President Cyril Ramaphosa’s current ANC leadership faces a problem of unceasing factionalism. Serious political discourse and contestation have been replaced by infighting rooted in accusations of corruption and malfeasance, which are often manufactured for solely factional purposes. This is a problem for effective governance as well: the increasing blurring of boundaries between party functionaries and state bureaucrats introduces chronic instability into already dysfunctional state structures. Divisions in the party are replicated in government and state institutions destabilized and brought into disrepute. Some factions are even willing to launch sabotage campaigns targeting state infrastructure for short term factional gain. The masses are perceived only as bystanders, to be wheeled on as stage armies in factional elite battles.
As sociologist Mike Davis points out when discussing future prospects in Planet of Slums: “…the cities of the future, rather than being made out of glass and steel as envisioned by earlier generations of urbanists, are instead largely constructed out of crude brick, straw, recycled plastic, cement blocks, and scrap wood. Instead of cities of light soaring toward heaven, much of the twenty-first century urban world squats in squalor, surrounded by pollution, excrement, and decay.” He could be describing our own townships and squatter camps.
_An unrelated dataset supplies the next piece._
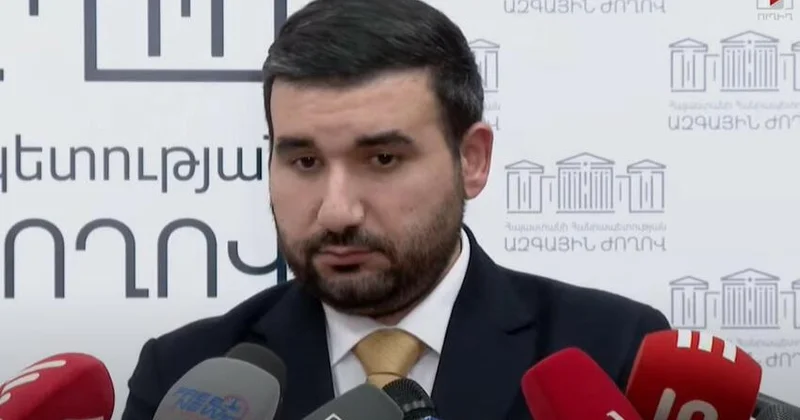 Vaaqn Aleksanyan: II Qaregin artıq katolikos deyil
The left has traditionally placed its bet on the organized working class as the social force for change. But do the increasingly unemployed and poverty-stricken, slum-based masses still have a key role to play in emancipating themselves and transforming this country?
Future prospects will be determined by political processes on the ground, rather than by uncontrollable economic developments, and probably by future slum-based resistance to the system. But will it be possible to mobilize those surviving in a shifting, informal economy, behind radical causes? And will the growth of the informal sector prevent any active proletarianisation of slum dwellers in line with historical precedent? It’s hard to know whether the informal proletariat possesses “historical agency.” As Davis asks: “…are the slums volcanoes waiting to erupt? Or will ruthless, state-endorsed competition lead to increased involution and self-annihilating communal violence.”
A weak and divided left faces intense competition from a host of “alternatives” on offer: charismatic churches, xenophobic chauvinism, street gangs and local warlords, neoliberal NGOs and ethnic militias, among others.
So will a re-emergent left have anything useful to offer? The demagogues are waiting in the wings. And as Davis grimly reminds us: it is no exaggeration to say that the future of the whole of human solidarity depends on the nature of the response of the “victims of the metropolis” to the marginality that late capitalism has attempted to assign to them.